◆ Your assignment
Return the records word for word. Any pictures in them are not part of the copy.
BEGIN Data under study
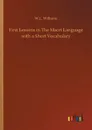 First Lessons in The Maori Language with a Short Vocabulary - W.L. Williams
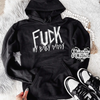 Fuck my baby daddy hoodie (finished product) by Madness & Mayhem LLC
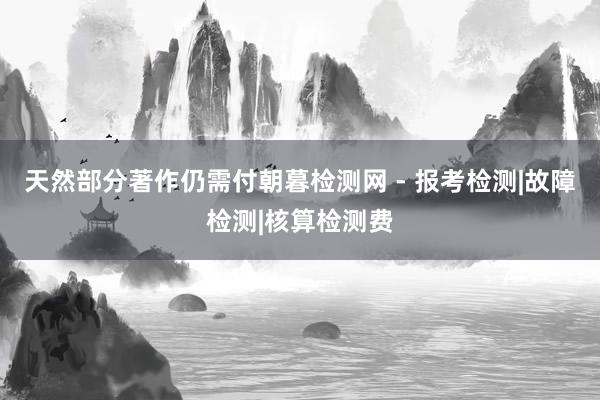 天然部分著作仍需付朝暮检测网 - 报考检测|故障检测|核算检测费
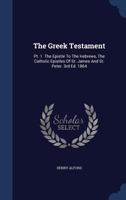 The Greek Testament: Pt. 1. The Epistle To The Hebrews, The Catholic Epistles Of St. James And St. Peter. 3rd Ed. 1864... 134006801X Book Cover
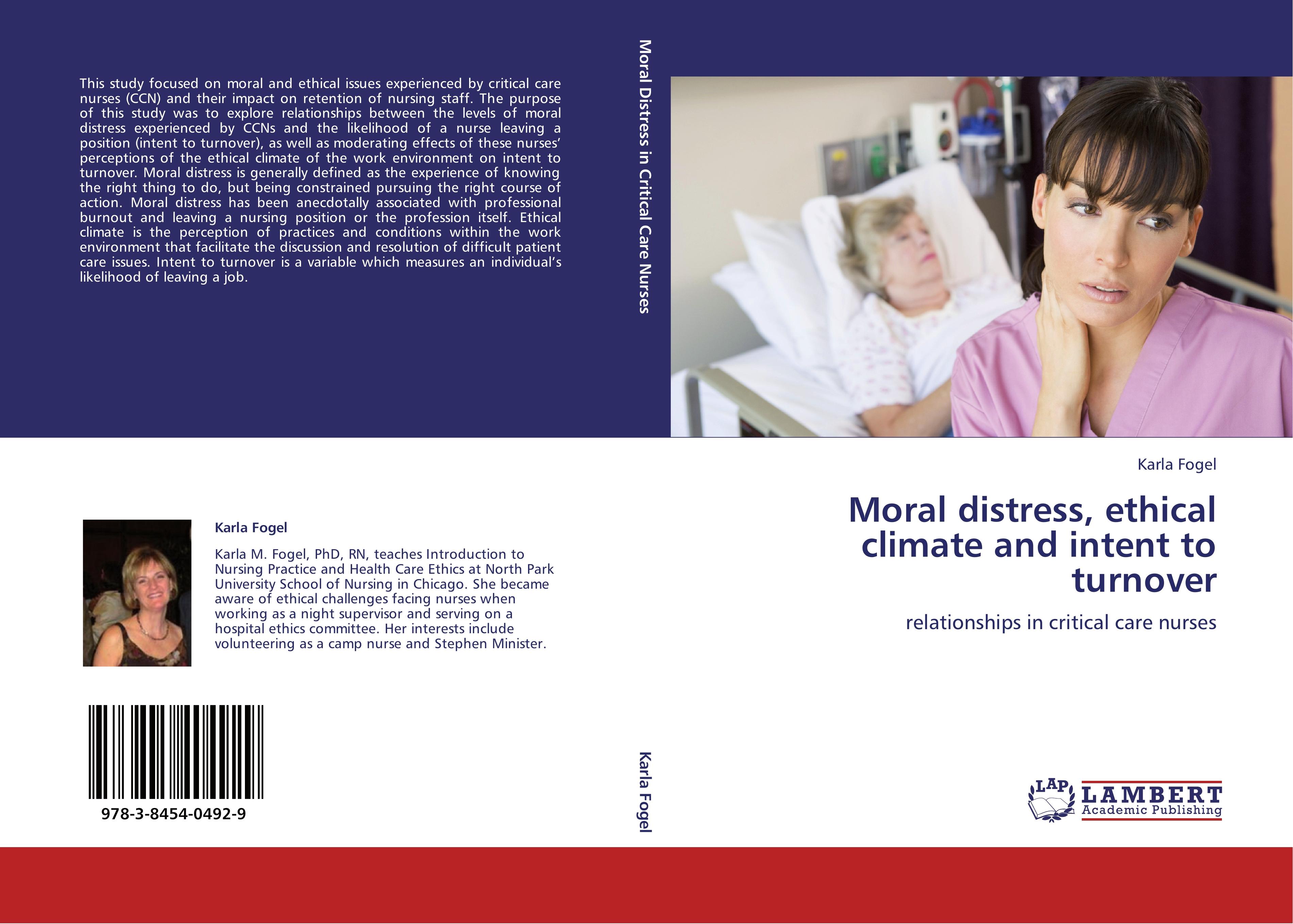 Moral distress, ethical climate and intent to turnover - Karla Fogel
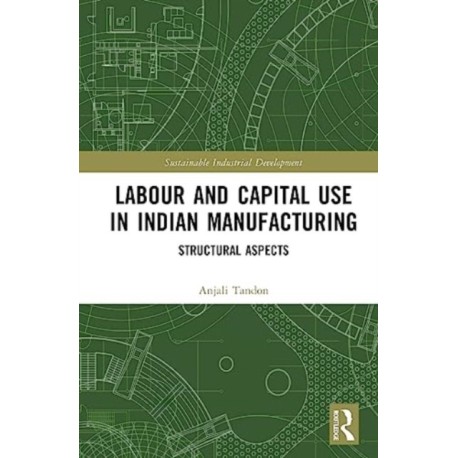 Labour and Capital Use in Indian Manufacturing: Structural Aspects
END Data under study
◆ Written response
 First Lessons in The Maori Language with a Short Vocabulary - W.L. Williams
 Fuck my baby daddy hoodie (finished product) by Madness & Mayhem LLC
 天然部分著作仍需付朝暮检测网 - 报考检测|故障检测|核算检测费
 The Greek Testament: Pt. 1. The Epistle To The Hebrews, The Catholic Epistles Of St. James And St. Peter. 3rd Ed. 1864... 134006801X Book Cover
 Moral distress, ethical climate and intent to turnover - Karla Fogel
 Labour and Capital Use in Indian Manufacturing: Structural Aspects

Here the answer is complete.